It is the more recent speculators bought in poorly serviced areas of Dublin, Kildare, Meath etc. not doing so with their eyes open. They only see dollar signs (as in the cartoons) and can't afford to take a loss.

The Eircon floatation should serve as a working example to these speculators. Eircon shareholders took a massive hit at one stage, but, at least they were able to dump the shares back onto the market and realise a loss. Some property speculators create an imaginary safety net by telling themselves, "Sure, if it doesn't work out, I can always sell it". Property is one of the most illiquid assets out there and the property market will be a different beast when it becomes a sellers' market.

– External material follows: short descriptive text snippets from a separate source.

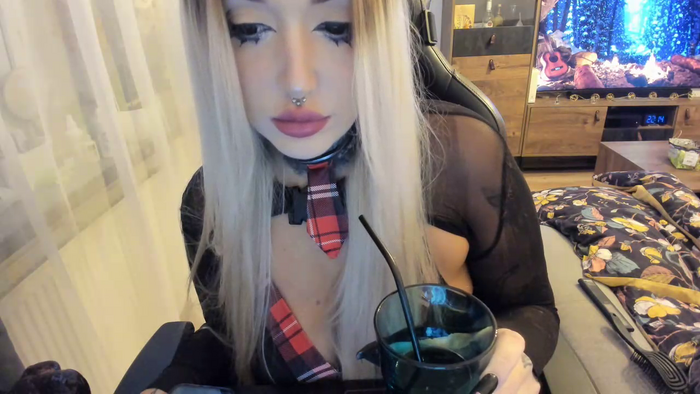Devii_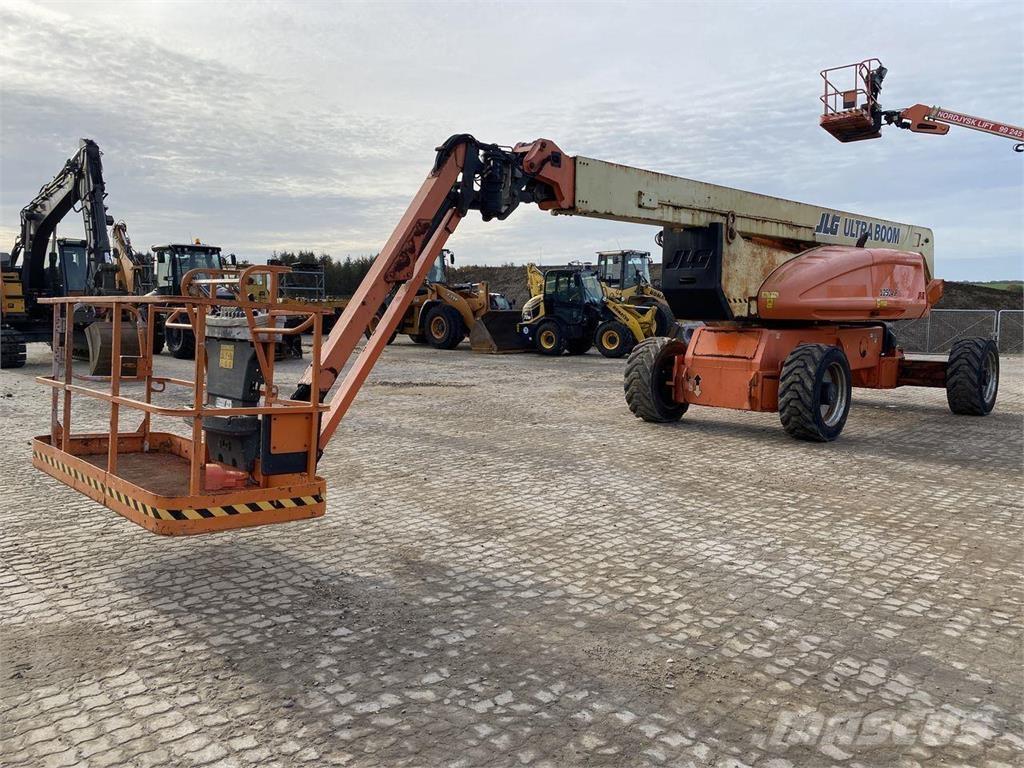 JLG 1250AJP Leddede bomlifter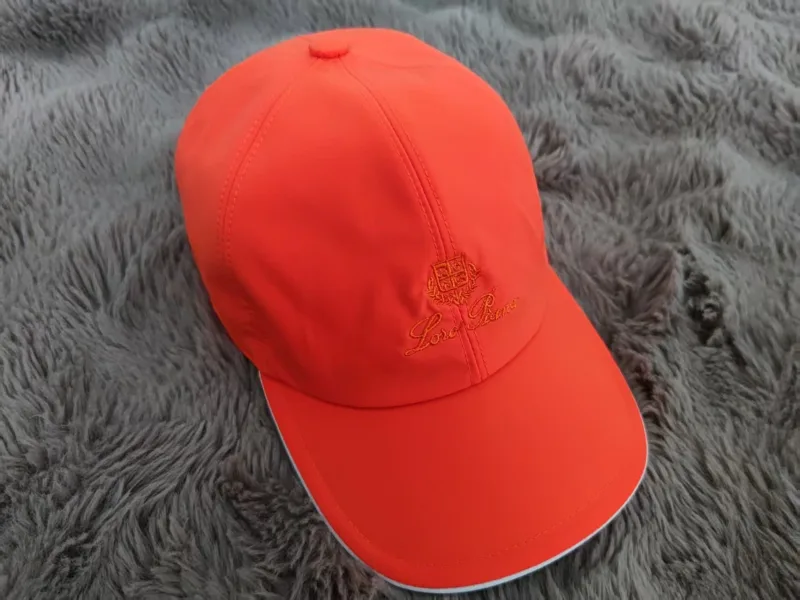 pet cap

These novice speculators need their wings clipped.
 
Redo... 1st you say....

redo said:
Seeing property speculators being caught with their pants down when prices drop. That would be nice.

Then you say.....

redo said:
Please note, I have no beef with property investors, whom after carefull analysis, will see it as a long term investment and know what they are getting into.

and finally....

redo said:
These novice speculators need their wings clipped.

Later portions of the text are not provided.